Staying Hungry

Before I’m an educator, I’m a learner.

Photo credit: James Barker

“The best teachers I know are the ones that still see themselves as works in progress and are continually looking for new ways to improve. They are learners. They are students of their profession and calling.”

— Jarod Bormann in Professionally Driven: Empower Every Educator To Redefine PD

At 40 years old, I’m now in my 18th year of teaching at my fourth school. With memories of being the “young guy” on campus still fresh in my memory, I now wear the label of veteran.

Of course, those years of experience offer confidence and insight. 17 years removed from rookie, I have a clearer sense of my professional strengths and weaknesses.

I know a whole lot more about classroom management and student behavior. I have a firmer understanding of what optimal conditions for learning look like. My thinking around assessment and learning has evolved astronomically. I’m better at setting personal boundaries and establishing self-care practices that allow me to be better in the classroom.

But I’m keenly aware that I still have a long, LONG way to go and a whole lot more to learn.

And I love that.

There might have been a time early in my career when I envisioned the master teacher as an educator who had basically arrived. This was the teacher who held her students’ attention with hypnotic powers. Who oozed the sort of charisma that inspired incredible heights of work, creativity, and achievement.
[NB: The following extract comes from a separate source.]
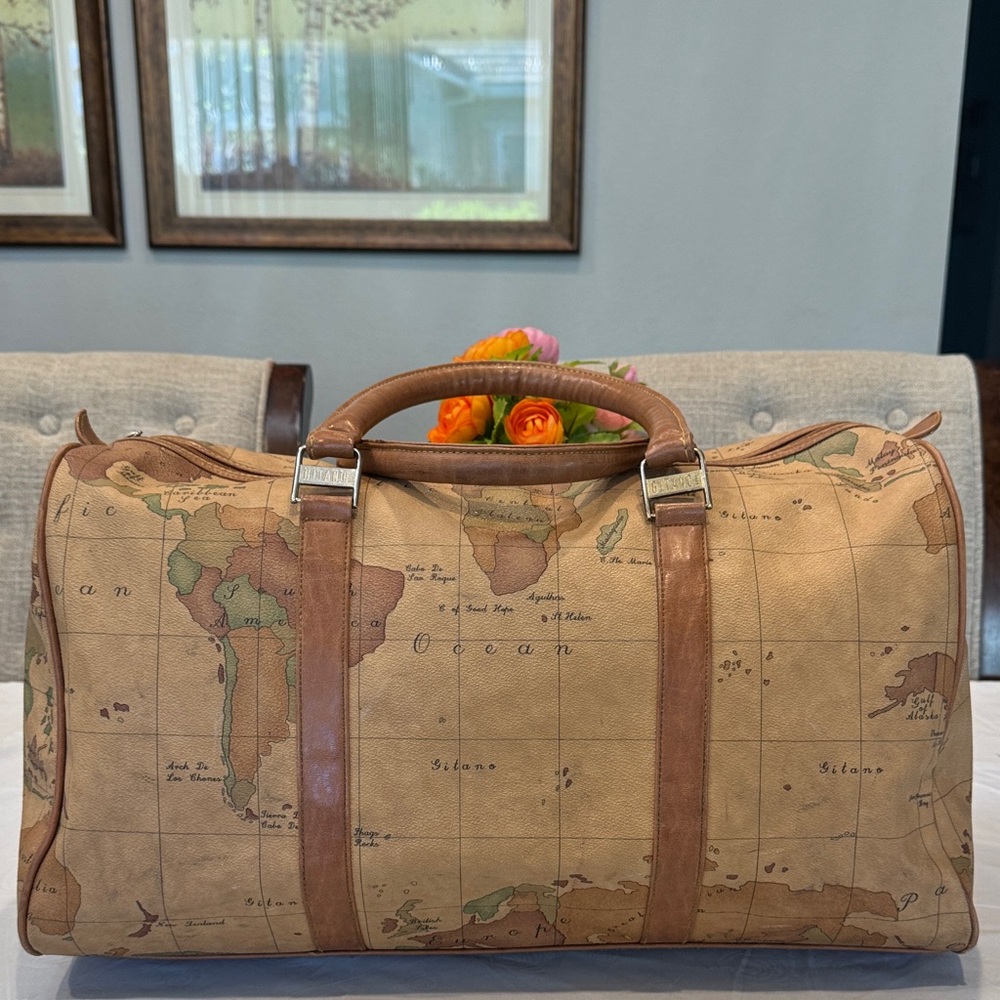 Gitano Tan Travel Bag with World Map Design - Picture 3 of 14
Whose timeless classroom management systems had been tweaked to a state of permanent perfection. Who drew from a bottomless well of instructional resources to locate a solution for every possible challenge. Who personally knew every inch of their content area and whose expertise was legendary.
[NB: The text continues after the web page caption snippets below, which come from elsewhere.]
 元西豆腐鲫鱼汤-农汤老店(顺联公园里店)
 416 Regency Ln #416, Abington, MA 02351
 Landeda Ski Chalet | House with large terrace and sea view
Who never made a mistake, never failed, who never felt embarrassed or frustrated.

Today, there might be some aspects of confidence and mastery in that vision that I still strive for. But I also recognize that most of that picture of “arrival” is mere mythology.

I now see that year-over-year consistency leads to stagnancy, that comfort breeds complacency.

As I continue to grow as a professional, as I learn from my PLN, as I read Mindset by Carol Dweck or Professionally Driven by Jarod Bormann, I’m constantly reminded that we’re all — ALL OF US — on a continuous journey of growing, stretching, and learning.

Even the best among us fail, miss the mark, pick ourselves up and continue to learn.

Especially the best among us.

I took a new teaching position this year, and in some ways, a new position means going back to square one. Hitting reset.

It’s a chance to ignore my old assumptions and beliefs, to reimagine every moment, every class, every course, every subject. To critique my own practice. To push the limits of what is possible for every one of my learners.

I want to push myself into uncomfortable spaces and take bigger risks.

Because I haven’t made it. And because “making it” isn’t the goal, anyway.

“If you haven’t failed in the classroom lately, you aren’t pushing the envelope far enough. ‘Safe’ lessons are a recipe for mediocrity at best.”

— Dave Burgess in Teach Like a Pirate

I’m a student of my profession.
I’m a lifelong learner.
And the appetite for growth is real.

So I’m getting after it.
I’m seeking to stretch, risk, grow, and learn.

I’m staying hungry this year.

2 thoughts on “Staying Hungry

  1. Wow! Brings back good memories. I am just a little over twice your age and after a 50 year career, I am still learning, growing and changing. I like the “hit reset” or “refresh” images and taking them beyond the technical to the visceral as well as the cognitive domains of our own lives. Keep up the good work, my friend. Students and colleagues will be the beneficiaries.